Why is there almost innevitably going to be at least 1 dead nymph every time you order heh.

I recieved some this morning... were awesome - were running around like nuts  little chinese nymphs.

And this afternoon I come home and one has problems getting up sides of tank and keeps falling off and landing on back... now its limply holding itself up against the side of the cup.

Ive already accepted this little guy is going to die in the next day or so... if not overnight.

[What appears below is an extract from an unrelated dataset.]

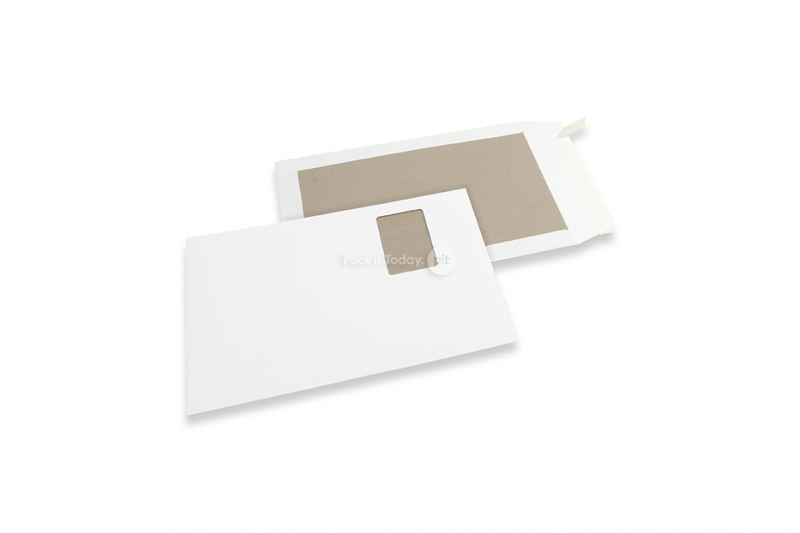 Buste con retro in cartone - 229 x 324 mm finestra a sinistra 55 x 90 mm, posizione della finestra 20 mm a sinistra e 57 mm dal lato superiore, parte anteriore kraft bianca da 120 grammi, parte posteriore duplex grigio da 450 grammi, lembo autoadesivo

But what is the cause for these random deaths? :s


----------



## Rick (Jan 30, 2007)

That question has been asked many times. Sometimes they die for reasons we cannot pinpoint. This happens to nymphs often.


----------



## Rob Byatt (Jan 30, 2007)

What instar were they ? If they are 1st instar nymphs then this is to be expected, it is normal.

Just try not to move them about the remainder about more than is necessary


----------



## Alex 1 (Jan 31, 2007)

Maybe it's grip just sucks. I have a C humeralis male that would wake me up at least 3 times in the middle of the night by falling down from the top of the insect cup and make craploads of noise by flailing it's legs around. I even comtemplated killing the frickin' thing, but just decided to let it free roam on the curtains.


----------



## Butterfly (Feb 1, 2007)

> I even comtemplated killing the frickin' thing, but just decided to let it free roam on the curtains.

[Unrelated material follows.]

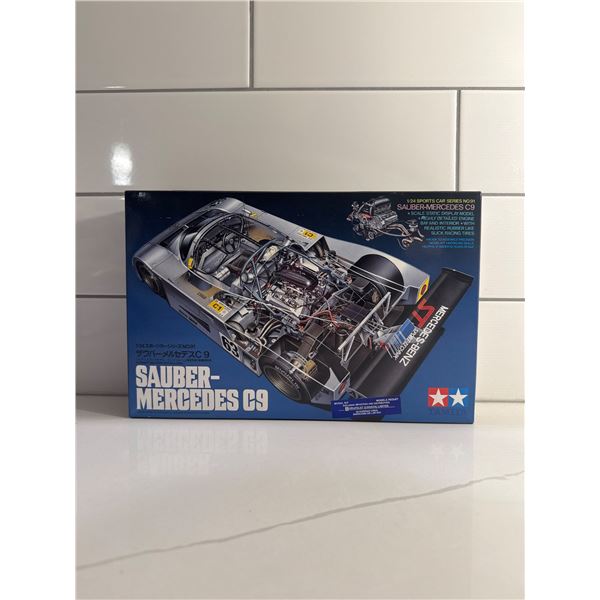 TAMIYA 1:24 scale Sauber-Mercedes C9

Does it stay on the curtains Alex? Ive often thought about letting one of my bigger girls roam free on a small tree I have in the livingroom, but seeing as we have Cat's it'd have to be my bedroom and I reeealllly dont want to end up squishing her in my sleep if she touches my face!

Maybe Ill just have to try it with one of the new nymphs once they're hatched and at least an L3 or so.


----------



## Alex 1 (Feb 1, 2007)

Yeah it stays pretty much the same spot, though the cold weather probably has something to do with it (it's usually 68-73F in my room). I wouldn't worry about it getting on you, though if you have a cat, the it may not be a good idea. I do have to cage it up for a bit during feeding though.


----------